Sad songs say so much in The Singer, an unashamedly sentimental love story that features one of Gerard Depardieu's most fully realised and endearing performances in recent years. His melancholy, smalltime singer has the same weary charm as Burt Lancaster's aging hood in Atlantic City.
Depardieu is well matched by Cecile de France and together they transcend the potentially corny material to create something small in scale but genuinely touching. The Singer should appeal to an older demographic with the potential for cross-over to incurable romantics of all ages suggesting a solid commercial future. The highly marketable soundtrack is a bonus.
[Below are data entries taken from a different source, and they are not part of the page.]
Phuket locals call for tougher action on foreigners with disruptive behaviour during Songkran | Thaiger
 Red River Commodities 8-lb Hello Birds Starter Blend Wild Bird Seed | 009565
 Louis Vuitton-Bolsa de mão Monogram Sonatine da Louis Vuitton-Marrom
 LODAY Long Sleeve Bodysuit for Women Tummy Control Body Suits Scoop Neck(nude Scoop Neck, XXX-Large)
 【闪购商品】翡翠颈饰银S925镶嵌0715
Promiscuous with his talent, Gerard Depardieu is someone we have come to take for granted. Here, he seems very much at ease with the character of Alain Moreau, a nightclub crooner in Clermont-Ferrand much lower in the food chain than Charles Aznavour but cut from the same cloth. Depardieu invests him with an easy, self-deprecating manner and an ineffable dignity. He also reveals a pleasant voice performing the old-fashioned songs that provide Moreau with a living in local nightclubs, tea dances and personal appearances. One night he meets Marion (de France). They wind up in bed. A one-night stand is easy but romance proves to be much more difficult as a wary Marion refuses to let herself surrender to Alain's charm offensive and jokingly dubs him The Ladies Man.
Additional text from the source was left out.